Meet two researchers using smart sensing technologies to tackle climate challenges

On International Day of Women and Girls in Science, we celebrate two emerging researchers who are using smart sensing innovations to help solve climate and environmental challenges, from Antarctica to Australian farms.

Cassie Newman, PhD Student at Securing Antarctica's Environmental Future and University of Wollongong

My PhD research investigates how water availability shapes where photosynthetic life can survive in Antarctica and how resilient it may be as the climate changes.

In one of the coldest and driest environments on Earth, life depends on a very short summer window when ice melts and liquid water becomes available.

Understanding where this water flows and which ecosystems it supports helps explain why photosynthetic organisms grow in some places but not others.

This research uses smart sensing technologies, including satellite imagery, UAV data, digital elevation models, and multispectral and hyperspectral sensors to map surface moisture, terrain, and vegetation condition without disturbing fragile environments.

Antarctica is changing rapidly and understanding how its ecosystems respond matters far beyond the continent itself.

This research is driven by a desire to better protect some of the most vulnerable and least disturbed environments on Earth.

This research is driven by a desire to better protect some of the most vulnerable and least disturbed environments on Earth.

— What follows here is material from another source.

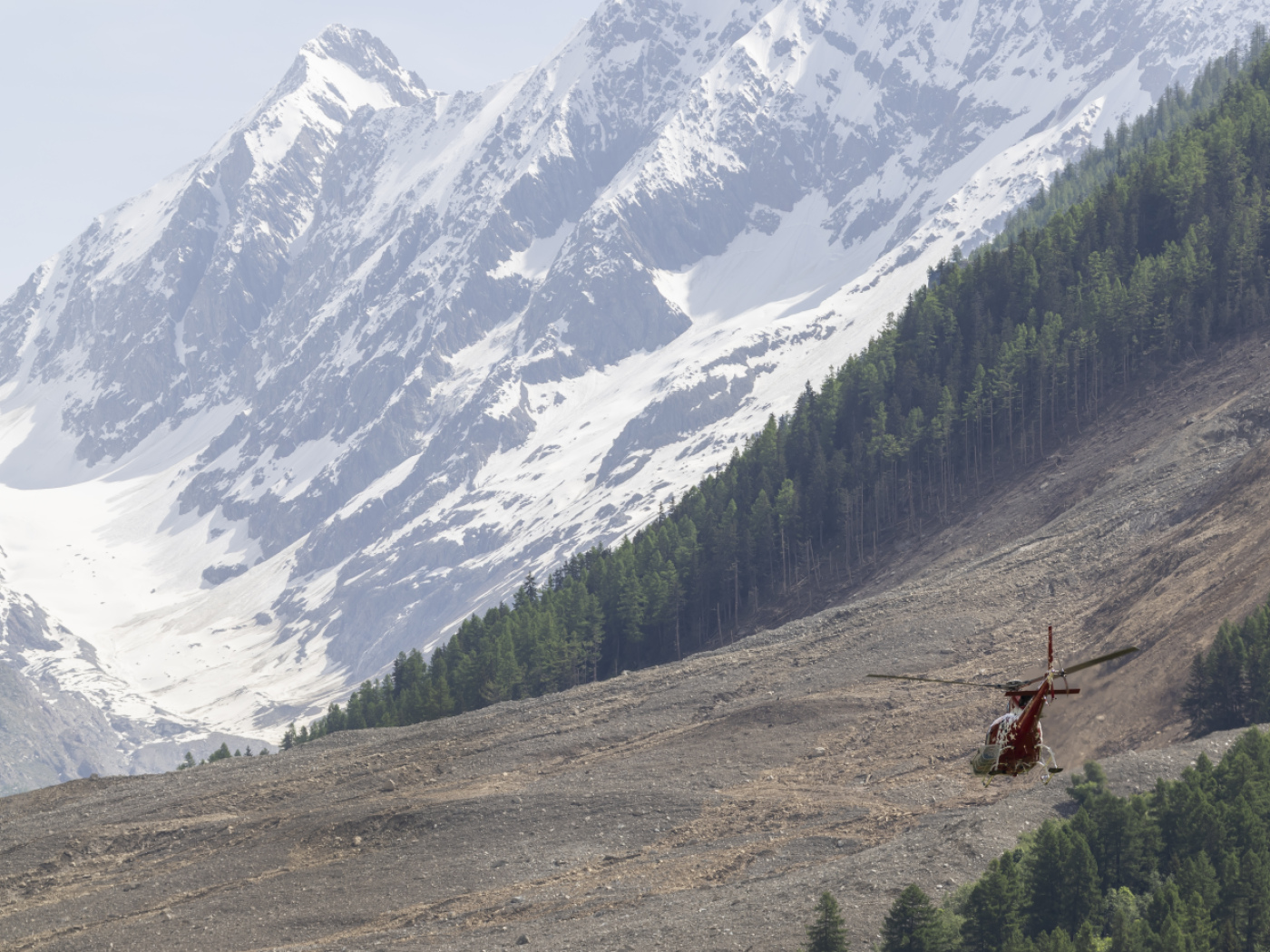 Situation in Blatten VS stable - steady rockfall continues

Being part of a research community led by inspiring scientists at the University of Wollongong and within Securing Antarctica’s Environmental Future has reinforced the importance of collaboration, mentorship, and investing in diverse voices in science. 

LEFT: Cassie carrying a drone in Antarctica.
MIDDLE: Drones are used to help map surface moisture, terrain, and vegetation condition without disturbing fragile environments.
RIGHT: This MSAVI (Modified Soil Adjusted Vegetation Index) image showing classified ground cover in Antarctica. MSAVI is a key remote sensing tool used to map and classify vegetation in Antarctica.  
All images supplied

Dr Wartini Ng, research fellow at Sydney Institute of Agriculture and School of Life and Environmental Sciences, University of Sydney

My research focuses on developing a soil carbon measurement technology which allows carbon stocks to be assessed quickly and at much lower cost.

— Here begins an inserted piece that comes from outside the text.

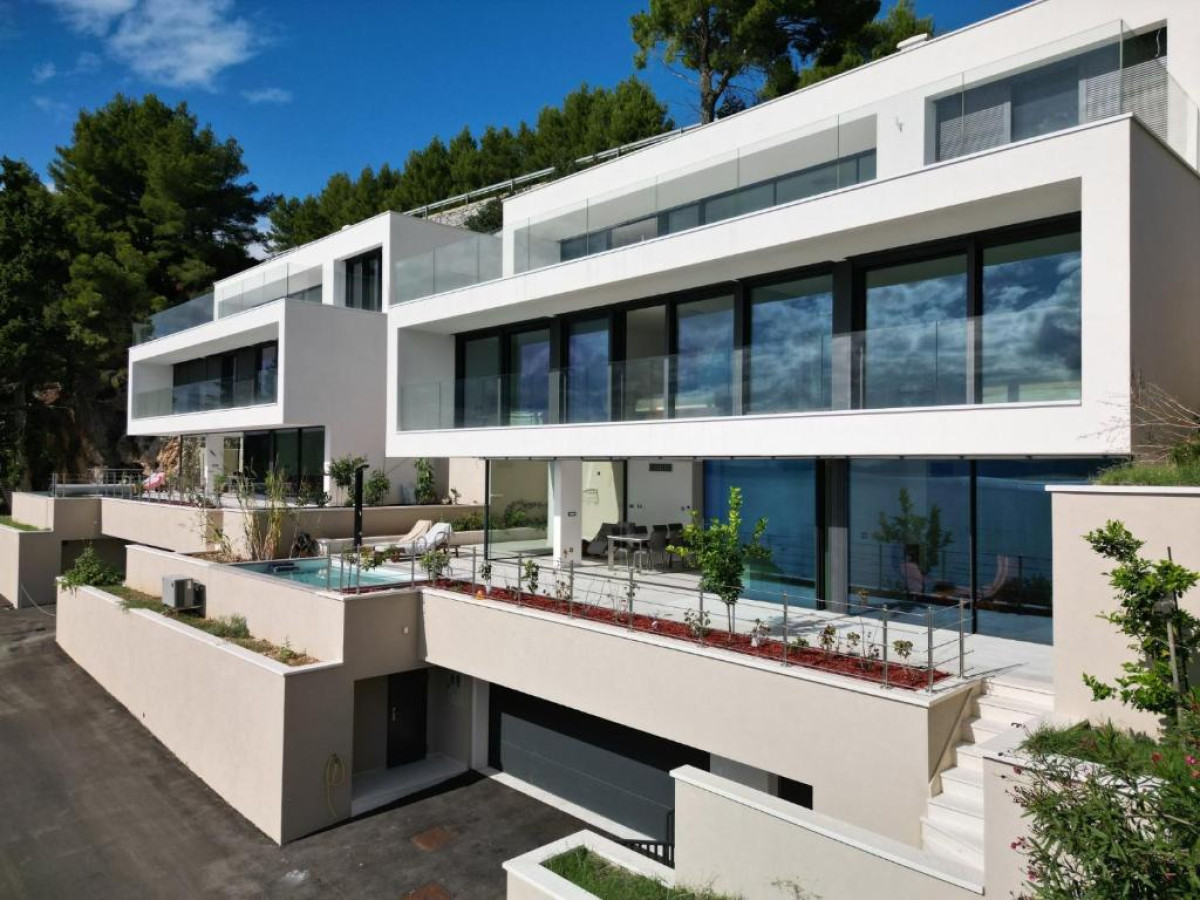 Villa Deluxe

At present, soil carbon measurement relies on laboratory testing, which can take weeks and cost hundreds of dollars per sample. This creates a significant barrier for farmers who want to monitor soil health or participate in carbon markets.

The proposed technology integrates several sensors into a single field-based system.

An optical sensor estimates soil properties, a moisture sensor measures water content, and a depth sensor records sampling depth.

A spatial sampling strategy identifies the most informative locations across a farm, based on expected soil carbon levels and their variability.

Data from all sensors are combined and analysed in real time using a machine-learning model to estimate soil carbon content at each measurement point which are then integrated to calculate total soil carbon stocks across the property.

Remote sensing data are also incorporated to reduce estimation variance and improve overall accuracy.

The entire process occurs in the field and delivers results within minutes, replacing laboratory workflows that previously took weeks.

Soil carbon plays a key role in achieving net-zero and nature-positive agriculture while also supporting farm productivity.

By making soil carbon measurement faster, more accessible, and more affordable, this technology enables Australian farmers to verify sustainable land management practices, engage with carbon markets, and contribute to broader climate and environmental objectives.